The district court granted the motion in limine with respect to the exclusion of evidence concerning profitability on the basis that such evidence is irrelevant to the defense of workforce reduction. The court stated that whether a defendant is profitable or not does not render more or less probable that a reduction in the workforce was because of workflow or profitability. The court stated that regardless of what the profits were at the time of the termination, the company could have wanted to be more profitable. Such evidence is irrelevant to the issue of whether the termination of the plaintiff was part of a legitimate reduction in force.

The case was on remand from the Sixth Circuit’s reversal of the district court’s grant of summary judgment.

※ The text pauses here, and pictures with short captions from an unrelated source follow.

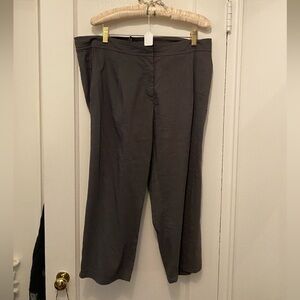 NWT Eileen Fisher Charcoal Linen Viscose Stretch Capri Pants 12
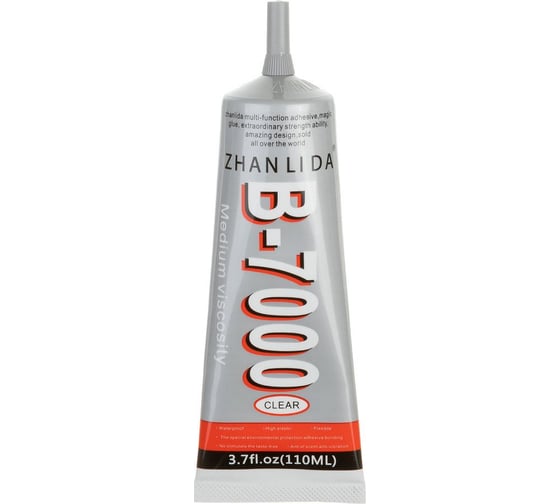 Изображение товара Клей универсальный герметик ZHANLIDA B-7000 прозрачный, для ремонта телефона, смартфона, прозрачный, соединения металла, стекла, пластика, дерева. 110 мл 0L-00028709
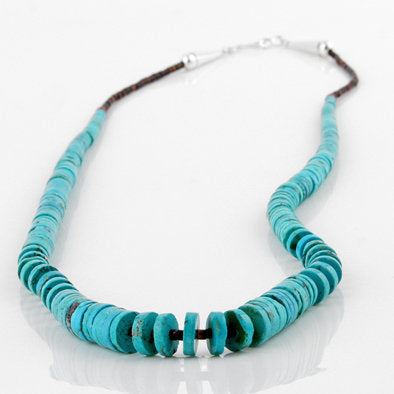 Long Heishi Bead Turquoise Necklace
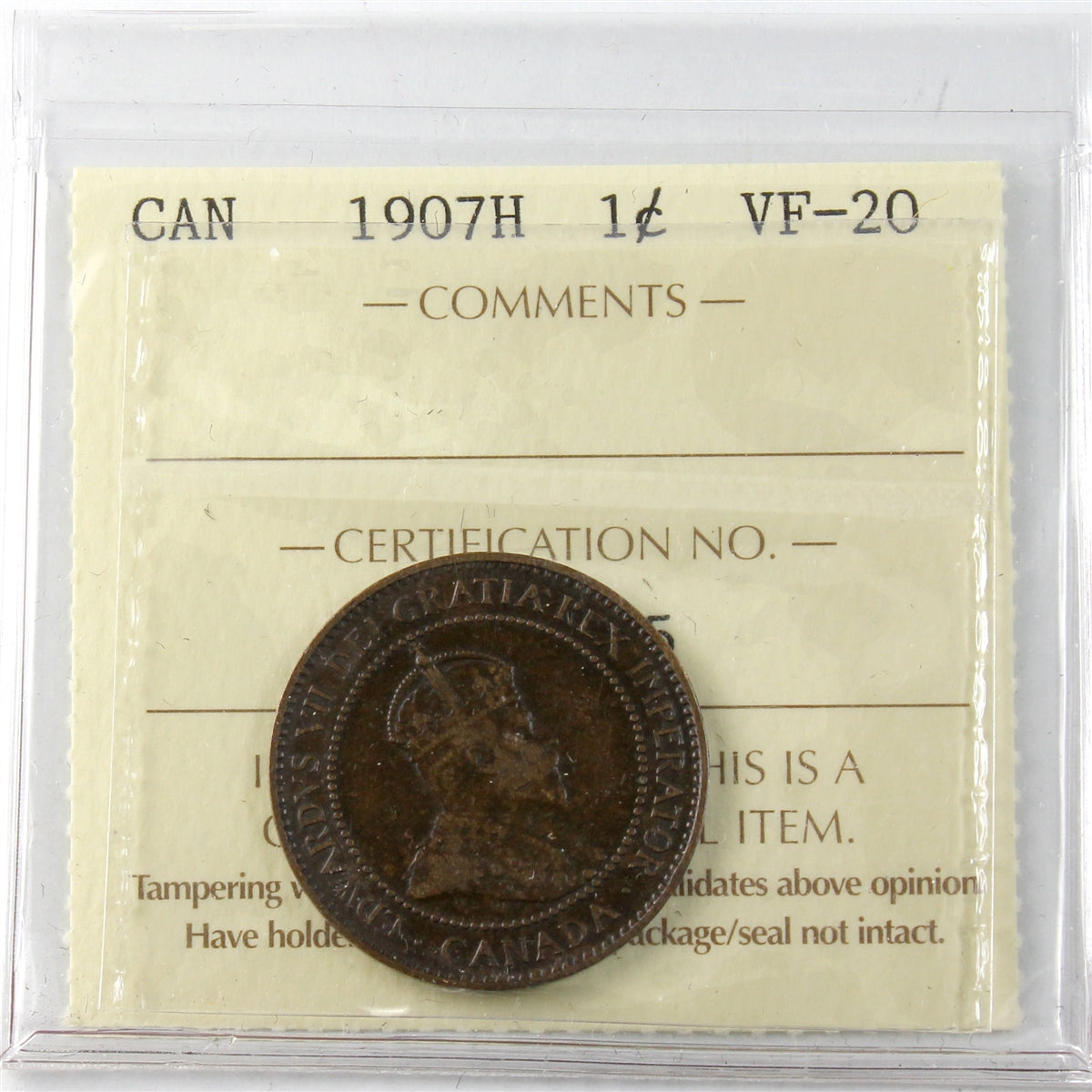1907H Canada 1-cent ICCS Certified VF20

The Sixth Circuit had found that the plaintiff had presented sufficient evidence of a pretext as to the company’s explanation for his discharge and noted that the company had not given any reason why the plaintiff was chosen as opposed to another employee. The court stated that unlike most reductions in force, the employees in this case were terminated on apparently random occasions over an extended period of time. The court stated that there was no specific evidence about why the plaintiff was fired.

With respect to the issue of profits, the court rejected the plaintiff’s argument that the motive to increase profits was not a legitimate reason. The court stated that this argument failed as a matter of logic and evidence since a profitable company may want to be more profitable Bell v Prefix, Inc., F.3d, 321 Fed.Appx. 423 (6th Cir. 2009).

The original district court decision granting summary judgment was made by a different judge than was involved in the motion in limine. In granting the summary judgment, the district court stated that the reason given by the employer for the termination was a desire to increase profits. The court stated that there was no evidence to counter this stated reason and that increased profitability is a sufficient reason to discharge an at-will employee.

The district court’s exclusion of any evidence concerning profitability presents an interesting issue to the employer. The district court held, in effect, that profitability is a nonissue in a reduction in force case since all employers want to increase profits. The employer finds itself in the position where it cannot use profitability as a defense and apparently has not provided any reason as to why the plaintiff was selected for reduction in force compared to others in what the Sixth Circuit in effect labeled as an unorthodox reduction in force. The employer had not previously argued that termination was part of a reduction in force to cut costs and/or losses. The case certainly alerts employers to the need to document the specific reason why an employee is chosen as well as to emphasize the need to reduce costs independently of any impact on profitability.